:: Exercise directions ::
Each line of the data below between the one containing "Diabla Valentina Up" and the one containing "Exotic and antique wood floors", both included, is to be repeated exactly. Please omit pictures.

[Extracted material — start]

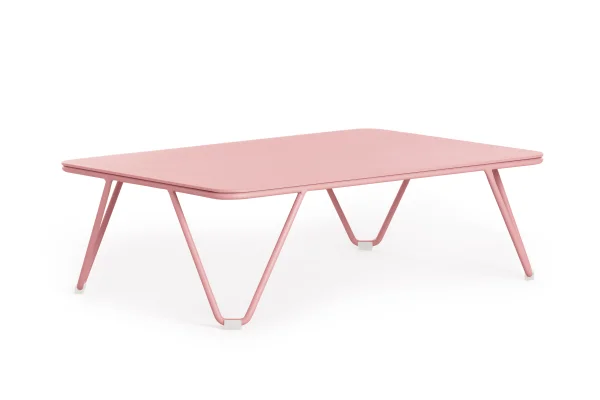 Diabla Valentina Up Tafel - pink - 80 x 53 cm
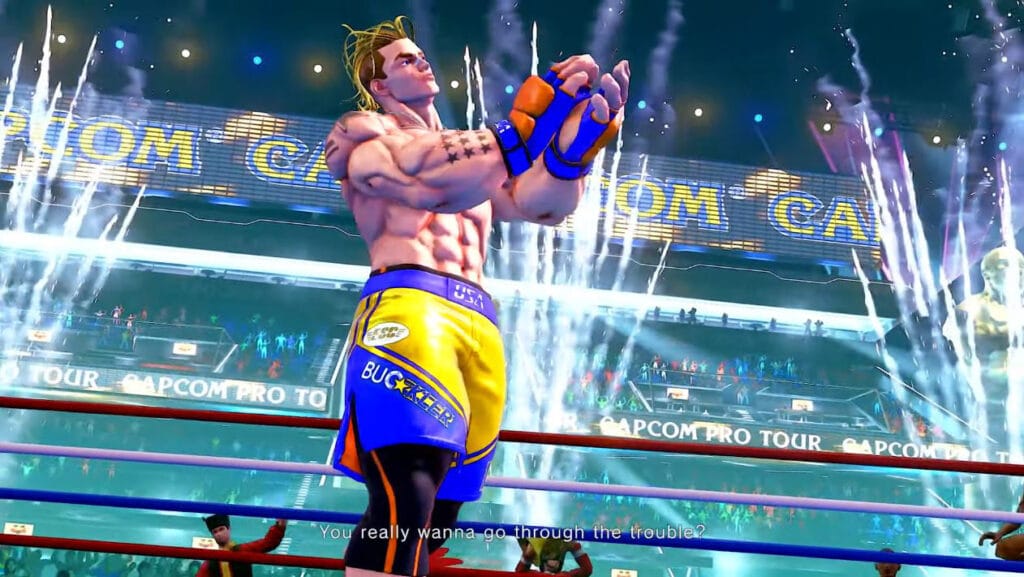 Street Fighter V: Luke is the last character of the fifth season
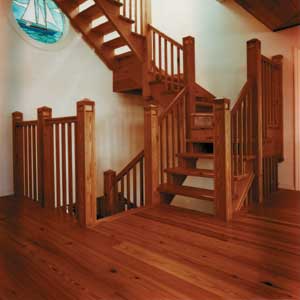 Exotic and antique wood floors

[Extracted material — finish]
[Extracted material — start]

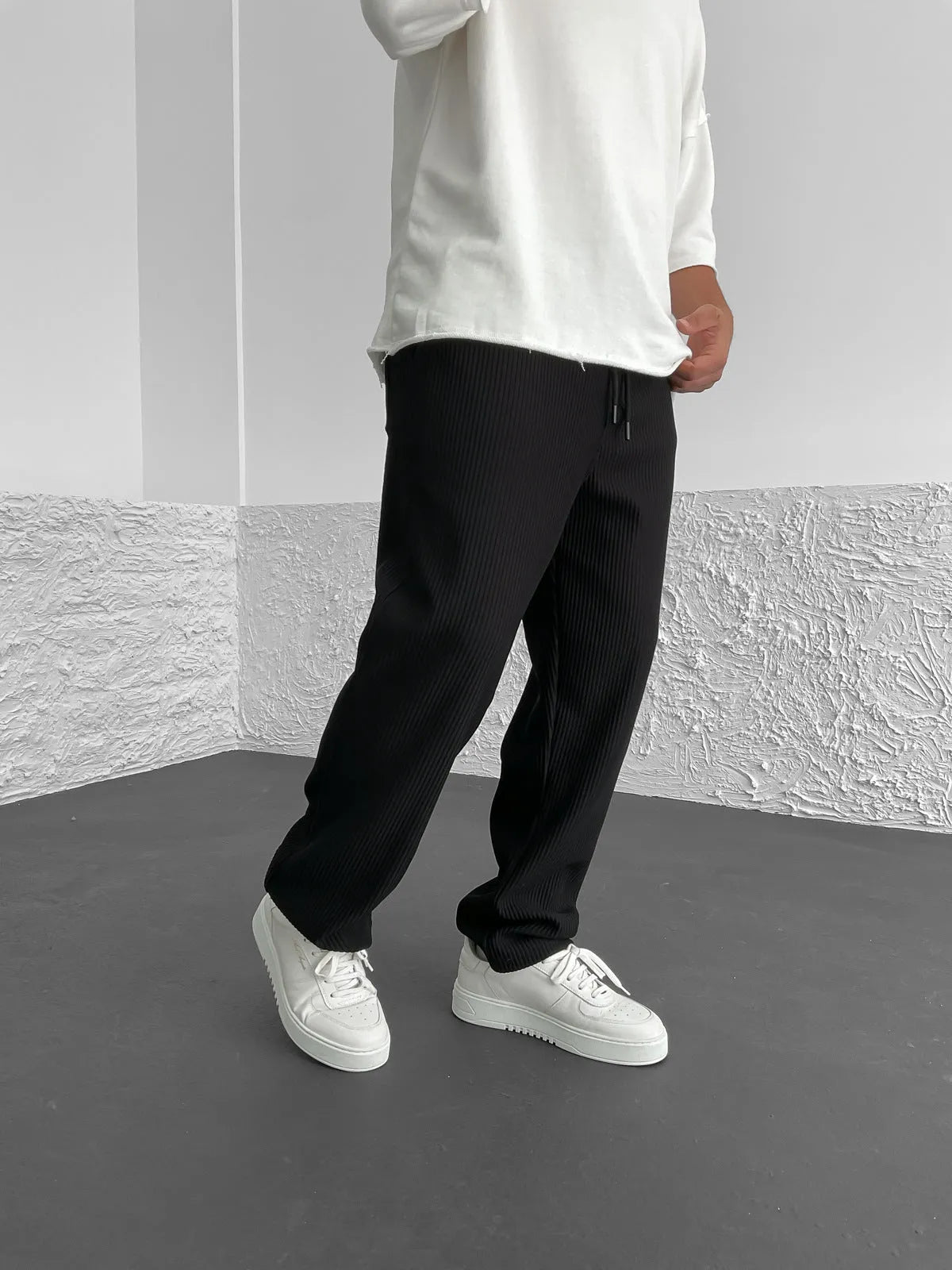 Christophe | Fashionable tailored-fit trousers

[Extracted material — finish]

:: Answer below ::
 Diabla Valentina Up Tafel - pink - 80 x 53 cm
 Street Fighter V: Luke is the last character of the fifth season
 Exotic and antique wood floors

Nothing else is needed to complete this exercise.